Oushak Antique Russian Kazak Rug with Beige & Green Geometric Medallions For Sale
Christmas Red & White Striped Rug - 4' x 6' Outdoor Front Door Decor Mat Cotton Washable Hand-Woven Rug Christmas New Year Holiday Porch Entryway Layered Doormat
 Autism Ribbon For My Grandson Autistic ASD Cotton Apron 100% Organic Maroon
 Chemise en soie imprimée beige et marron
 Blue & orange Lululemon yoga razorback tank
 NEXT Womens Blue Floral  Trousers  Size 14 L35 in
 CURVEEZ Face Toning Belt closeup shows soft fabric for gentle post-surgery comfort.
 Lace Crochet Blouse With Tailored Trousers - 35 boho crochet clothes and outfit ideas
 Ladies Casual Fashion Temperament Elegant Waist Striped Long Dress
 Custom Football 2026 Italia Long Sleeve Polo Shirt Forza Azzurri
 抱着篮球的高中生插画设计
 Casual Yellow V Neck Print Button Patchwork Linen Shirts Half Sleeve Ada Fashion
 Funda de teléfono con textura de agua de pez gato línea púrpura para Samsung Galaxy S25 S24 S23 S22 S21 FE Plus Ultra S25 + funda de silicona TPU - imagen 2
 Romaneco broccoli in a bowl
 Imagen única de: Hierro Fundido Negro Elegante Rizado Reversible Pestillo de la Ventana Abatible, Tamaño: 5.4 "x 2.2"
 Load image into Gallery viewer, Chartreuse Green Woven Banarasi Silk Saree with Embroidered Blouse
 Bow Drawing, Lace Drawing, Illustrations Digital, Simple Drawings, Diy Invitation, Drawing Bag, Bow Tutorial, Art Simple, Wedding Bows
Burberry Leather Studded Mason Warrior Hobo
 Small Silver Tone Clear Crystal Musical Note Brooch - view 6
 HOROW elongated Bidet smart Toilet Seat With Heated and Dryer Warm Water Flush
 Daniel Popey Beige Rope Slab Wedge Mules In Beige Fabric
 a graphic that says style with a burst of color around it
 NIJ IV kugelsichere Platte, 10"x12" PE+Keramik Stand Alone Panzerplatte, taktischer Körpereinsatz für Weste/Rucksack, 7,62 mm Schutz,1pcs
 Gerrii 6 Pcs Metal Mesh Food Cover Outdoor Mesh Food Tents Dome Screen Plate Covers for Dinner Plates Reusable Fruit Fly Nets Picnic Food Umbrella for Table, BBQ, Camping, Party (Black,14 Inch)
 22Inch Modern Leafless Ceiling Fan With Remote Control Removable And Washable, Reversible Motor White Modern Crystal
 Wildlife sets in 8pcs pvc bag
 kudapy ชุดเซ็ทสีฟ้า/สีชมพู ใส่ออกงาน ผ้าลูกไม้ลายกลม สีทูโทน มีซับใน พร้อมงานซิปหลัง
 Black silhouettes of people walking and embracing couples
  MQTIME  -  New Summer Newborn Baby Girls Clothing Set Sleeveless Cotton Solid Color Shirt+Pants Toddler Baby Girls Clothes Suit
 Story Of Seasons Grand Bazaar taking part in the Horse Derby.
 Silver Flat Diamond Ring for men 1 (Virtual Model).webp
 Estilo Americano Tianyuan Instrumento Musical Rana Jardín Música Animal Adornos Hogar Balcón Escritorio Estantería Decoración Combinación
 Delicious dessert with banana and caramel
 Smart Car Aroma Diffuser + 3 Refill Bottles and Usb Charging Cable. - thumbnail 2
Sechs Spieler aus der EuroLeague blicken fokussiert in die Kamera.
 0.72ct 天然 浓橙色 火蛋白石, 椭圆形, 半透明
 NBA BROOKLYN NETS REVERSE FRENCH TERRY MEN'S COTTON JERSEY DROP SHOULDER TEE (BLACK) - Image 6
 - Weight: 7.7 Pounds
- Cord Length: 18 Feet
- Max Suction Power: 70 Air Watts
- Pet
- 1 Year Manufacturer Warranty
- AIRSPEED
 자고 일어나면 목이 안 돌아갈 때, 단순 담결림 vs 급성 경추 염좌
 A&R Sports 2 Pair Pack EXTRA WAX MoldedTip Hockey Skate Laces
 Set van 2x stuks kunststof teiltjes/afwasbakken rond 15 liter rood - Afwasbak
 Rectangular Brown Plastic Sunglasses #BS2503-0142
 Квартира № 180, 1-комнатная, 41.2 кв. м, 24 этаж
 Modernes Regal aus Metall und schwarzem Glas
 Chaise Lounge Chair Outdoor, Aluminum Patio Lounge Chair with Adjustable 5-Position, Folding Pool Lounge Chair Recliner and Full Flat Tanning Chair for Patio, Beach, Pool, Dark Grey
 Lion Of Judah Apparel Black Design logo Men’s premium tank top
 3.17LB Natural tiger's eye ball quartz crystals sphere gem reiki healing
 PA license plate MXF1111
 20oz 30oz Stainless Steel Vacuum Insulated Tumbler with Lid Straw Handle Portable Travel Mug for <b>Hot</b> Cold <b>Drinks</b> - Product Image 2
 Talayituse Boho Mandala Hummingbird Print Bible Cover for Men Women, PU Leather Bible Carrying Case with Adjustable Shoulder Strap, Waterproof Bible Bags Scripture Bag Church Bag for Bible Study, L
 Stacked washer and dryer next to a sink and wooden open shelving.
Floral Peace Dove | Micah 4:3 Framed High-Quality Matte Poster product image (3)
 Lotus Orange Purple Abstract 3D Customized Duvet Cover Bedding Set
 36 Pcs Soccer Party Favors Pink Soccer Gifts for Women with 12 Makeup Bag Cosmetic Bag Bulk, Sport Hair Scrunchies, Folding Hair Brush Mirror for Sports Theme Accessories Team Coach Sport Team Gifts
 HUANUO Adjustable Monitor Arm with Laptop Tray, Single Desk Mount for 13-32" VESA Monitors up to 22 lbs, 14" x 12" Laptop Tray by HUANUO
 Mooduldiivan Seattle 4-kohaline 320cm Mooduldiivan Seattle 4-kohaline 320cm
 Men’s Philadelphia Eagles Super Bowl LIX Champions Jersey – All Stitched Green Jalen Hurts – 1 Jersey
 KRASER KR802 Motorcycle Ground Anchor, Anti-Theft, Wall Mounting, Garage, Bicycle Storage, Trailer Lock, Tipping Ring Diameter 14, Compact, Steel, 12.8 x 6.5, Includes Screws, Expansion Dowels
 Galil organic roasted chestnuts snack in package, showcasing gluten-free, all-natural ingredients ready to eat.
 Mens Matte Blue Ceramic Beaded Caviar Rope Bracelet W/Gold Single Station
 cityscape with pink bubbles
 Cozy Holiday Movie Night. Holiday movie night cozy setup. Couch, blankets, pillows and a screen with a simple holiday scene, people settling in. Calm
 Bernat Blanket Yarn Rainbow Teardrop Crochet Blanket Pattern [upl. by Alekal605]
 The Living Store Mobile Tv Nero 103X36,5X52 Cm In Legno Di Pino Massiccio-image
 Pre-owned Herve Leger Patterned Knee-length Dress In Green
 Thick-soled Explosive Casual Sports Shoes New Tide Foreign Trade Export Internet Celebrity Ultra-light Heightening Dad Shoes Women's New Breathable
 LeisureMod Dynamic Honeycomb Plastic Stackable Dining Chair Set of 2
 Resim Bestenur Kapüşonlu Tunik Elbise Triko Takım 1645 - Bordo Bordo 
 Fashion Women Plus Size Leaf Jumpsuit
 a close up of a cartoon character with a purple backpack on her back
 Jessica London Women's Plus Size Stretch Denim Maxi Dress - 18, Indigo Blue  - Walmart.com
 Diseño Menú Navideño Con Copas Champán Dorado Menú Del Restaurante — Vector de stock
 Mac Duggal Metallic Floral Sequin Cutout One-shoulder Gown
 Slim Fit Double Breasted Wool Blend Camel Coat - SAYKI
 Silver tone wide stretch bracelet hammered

WHAT YOU HAVE TO DO
From the entries above, extract every line where the word "Rope" appears.

TASK RESPONSE
 Daniel Popey Beige Rope Slab Wedge Mules In Beige Fabric
 Mens Matte Blue Ceramic Beaded Caviar Rope Bracelet W/Gold Single Station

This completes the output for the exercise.